• [What you are asked to do]:
Lines outside the range are not wanted. Give again exactly the lines between the line holding "Quick Connect Split" and the line holding "Hall of Fame inductee", inclusive, from the listing below.

##########

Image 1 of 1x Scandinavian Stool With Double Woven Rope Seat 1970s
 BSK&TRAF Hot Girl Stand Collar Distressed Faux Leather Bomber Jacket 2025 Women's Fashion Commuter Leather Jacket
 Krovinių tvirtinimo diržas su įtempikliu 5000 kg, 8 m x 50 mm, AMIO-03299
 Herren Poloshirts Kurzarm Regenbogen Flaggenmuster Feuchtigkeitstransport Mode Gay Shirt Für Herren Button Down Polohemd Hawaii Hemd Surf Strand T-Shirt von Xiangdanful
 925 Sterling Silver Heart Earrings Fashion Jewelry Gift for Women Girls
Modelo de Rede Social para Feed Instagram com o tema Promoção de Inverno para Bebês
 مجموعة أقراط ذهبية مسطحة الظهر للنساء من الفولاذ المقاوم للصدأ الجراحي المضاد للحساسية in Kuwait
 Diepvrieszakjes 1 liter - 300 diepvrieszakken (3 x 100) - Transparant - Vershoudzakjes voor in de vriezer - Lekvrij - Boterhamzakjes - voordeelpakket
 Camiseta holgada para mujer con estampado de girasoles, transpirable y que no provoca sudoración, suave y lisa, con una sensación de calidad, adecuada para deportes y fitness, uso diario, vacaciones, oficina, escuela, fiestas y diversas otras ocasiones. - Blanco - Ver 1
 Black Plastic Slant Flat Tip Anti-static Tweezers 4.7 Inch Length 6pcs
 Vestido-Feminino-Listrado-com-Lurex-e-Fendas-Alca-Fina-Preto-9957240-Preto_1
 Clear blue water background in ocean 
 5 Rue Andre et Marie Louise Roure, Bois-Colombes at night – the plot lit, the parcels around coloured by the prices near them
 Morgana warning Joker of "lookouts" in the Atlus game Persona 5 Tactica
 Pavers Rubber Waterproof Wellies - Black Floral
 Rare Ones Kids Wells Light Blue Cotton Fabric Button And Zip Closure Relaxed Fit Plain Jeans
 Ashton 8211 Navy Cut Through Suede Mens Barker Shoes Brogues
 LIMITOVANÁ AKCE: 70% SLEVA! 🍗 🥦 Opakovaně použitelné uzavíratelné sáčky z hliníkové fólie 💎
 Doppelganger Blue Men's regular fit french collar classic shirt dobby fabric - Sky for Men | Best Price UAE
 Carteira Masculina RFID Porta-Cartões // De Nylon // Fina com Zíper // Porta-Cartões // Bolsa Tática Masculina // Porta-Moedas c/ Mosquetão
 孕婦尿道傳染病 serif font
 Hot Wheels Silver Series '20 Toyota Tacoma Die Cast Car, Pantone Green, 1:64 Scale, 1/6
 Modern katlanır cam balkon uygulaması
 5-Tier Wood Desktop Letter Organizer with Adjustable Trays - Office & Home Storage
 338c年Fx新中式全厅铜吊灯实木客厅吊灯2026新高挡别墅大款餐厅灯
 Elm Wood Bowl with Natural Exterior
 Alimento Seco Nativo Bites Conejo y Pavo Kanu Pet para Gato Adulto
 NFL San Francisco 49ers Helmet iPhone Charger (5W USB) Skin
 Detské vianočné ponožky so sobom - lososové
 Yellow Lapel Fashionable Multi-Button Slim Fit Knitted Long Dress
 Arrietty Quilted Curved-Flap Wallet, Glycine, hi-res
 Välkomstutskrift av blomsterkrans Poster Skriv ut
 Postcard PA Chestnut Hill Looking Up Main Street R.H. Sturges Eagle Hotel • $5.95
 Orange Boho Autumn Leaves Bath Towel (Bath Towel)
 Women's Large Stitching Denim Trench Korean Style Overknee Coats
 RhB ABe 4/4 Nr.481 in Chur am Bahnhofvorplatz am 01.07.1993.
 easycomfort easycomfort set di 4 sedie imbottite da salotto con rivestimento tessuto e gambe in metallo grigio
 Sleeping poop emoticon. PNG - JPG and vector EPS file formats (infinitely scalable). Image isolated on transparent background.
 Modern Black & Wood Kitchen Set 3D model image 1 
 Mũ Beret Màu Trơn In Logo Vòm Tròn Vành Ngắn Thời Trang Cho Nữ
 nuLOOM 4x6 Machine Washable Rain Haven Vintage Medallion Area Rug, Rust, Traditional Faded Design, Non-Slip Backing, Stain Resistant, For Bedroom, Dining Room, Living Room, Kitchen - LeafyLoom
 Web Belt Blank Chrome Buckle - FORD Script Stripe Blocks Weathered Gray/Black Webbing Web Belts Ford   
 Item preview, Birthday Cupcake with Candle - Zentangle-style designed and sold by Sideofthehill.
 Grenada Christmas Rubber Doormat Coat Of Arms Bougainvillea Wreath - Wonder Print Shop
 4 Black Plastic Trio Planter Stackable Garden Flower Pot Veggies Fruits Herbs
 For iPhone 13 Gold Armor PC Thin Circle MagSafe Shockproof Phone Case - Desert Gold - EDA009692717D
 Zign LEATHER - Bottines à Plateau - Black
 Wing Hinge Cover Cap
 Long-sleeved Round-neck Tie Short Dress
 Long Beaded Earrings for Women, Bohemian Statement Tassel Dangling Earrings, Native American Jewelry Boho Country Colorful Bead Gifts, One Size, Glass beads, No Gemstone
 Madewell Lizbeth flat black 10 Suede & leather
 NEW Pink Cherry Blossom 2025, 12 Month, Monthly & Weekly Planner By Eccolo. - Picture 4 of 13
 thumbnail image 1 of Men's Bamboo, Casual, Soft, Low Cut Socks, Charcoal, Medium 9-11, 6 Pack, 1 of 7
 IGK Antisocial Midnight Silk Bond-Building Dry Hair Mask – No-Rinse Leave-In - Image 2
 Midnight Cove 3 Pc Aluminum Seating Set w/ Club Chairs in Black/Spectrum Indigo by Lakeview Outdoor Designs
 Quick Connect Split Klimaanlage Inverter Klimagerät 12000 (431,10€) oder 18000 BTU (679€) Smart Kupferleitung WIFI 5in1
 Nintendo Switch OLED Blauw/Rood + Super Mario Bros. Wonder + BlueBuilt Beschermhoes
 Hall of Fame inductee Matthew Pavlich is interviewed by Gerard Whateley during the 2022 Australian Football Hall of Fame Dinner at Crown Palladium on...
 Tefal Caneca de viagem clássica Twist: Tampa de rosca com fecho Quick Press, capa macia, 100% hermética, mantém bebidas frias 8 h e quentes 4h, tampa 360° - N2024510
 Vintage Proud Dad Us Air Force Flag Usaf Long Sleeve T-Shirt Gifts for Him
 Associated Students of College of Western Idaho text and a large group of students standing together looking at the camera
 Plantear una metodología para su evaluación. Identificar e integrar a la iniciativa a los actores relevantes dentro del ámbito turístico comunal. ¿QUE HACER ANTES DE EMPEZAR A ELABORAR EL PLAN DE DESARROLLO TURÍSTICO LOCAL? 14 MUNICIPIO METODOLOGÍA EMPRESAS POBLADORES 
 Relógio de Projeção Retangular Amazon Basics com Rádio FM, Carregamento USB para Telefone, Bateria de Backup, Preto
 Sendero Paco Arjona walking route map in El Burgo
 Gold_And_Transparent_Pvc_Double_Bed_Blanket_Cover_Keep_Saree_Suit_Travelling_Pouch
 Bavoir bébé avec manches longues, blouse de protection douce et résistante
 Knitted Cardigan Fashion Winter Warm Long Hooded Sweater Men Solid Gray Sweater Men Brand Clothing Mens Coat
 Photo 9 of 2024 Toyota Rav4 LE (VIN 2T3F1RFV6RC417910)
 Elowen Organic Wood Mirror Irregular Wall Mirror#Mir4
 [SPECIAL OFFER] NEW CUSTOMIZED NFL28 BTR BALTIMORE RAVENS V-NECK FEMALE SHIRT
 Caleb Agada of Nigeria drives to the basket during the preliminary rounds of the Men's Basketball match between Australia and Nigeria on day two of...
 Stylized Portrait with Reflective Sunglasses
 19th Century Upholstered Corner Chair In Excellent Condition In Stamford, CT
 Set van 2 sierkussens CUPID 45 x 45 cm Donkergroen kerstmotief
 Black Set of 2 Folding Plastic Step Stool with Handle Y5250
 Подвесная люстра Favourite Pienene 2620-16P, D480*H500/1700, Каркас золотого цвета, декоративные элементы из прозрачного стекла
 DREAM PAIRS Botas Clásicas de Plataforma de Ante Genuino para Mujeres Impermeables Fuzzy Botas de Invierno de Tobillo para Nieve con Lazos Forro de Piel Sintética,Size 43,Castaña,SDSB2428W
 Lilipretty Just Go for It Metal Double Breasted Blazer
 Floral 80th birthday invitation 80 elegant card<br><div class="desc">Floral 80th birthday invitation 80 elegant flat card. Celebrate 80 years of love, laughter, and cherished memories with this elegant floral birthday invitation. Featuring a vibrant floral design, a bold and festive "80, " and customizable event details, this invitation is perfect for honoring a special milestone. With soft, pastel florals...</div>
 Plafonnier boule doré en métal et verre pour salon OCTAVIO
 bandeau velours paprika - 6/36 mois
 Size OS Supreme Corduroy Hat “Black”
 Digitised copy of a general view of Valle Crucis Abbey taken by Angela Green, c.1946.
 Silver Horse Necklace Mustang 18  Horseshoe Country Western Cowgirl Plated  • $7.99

##########

• [Response to this exercise]:
 Quick Connect Split Klimaanlage Inverter Klimagerät 12000 (431,10€) oder 18000 BTU (679€) Smart Kupferleitung WIFI 5in1
 Nintendo Switch OLED Blauw/Rood + Super Mario Bros. Wonder + BlueBuilt Beschermhoes
 Hall of Fame inductee Matthew Pavlich is interviewed by Gerard Whateley during the 2022 Australian Football Hall of Fame Dinner at Crown Palladium on...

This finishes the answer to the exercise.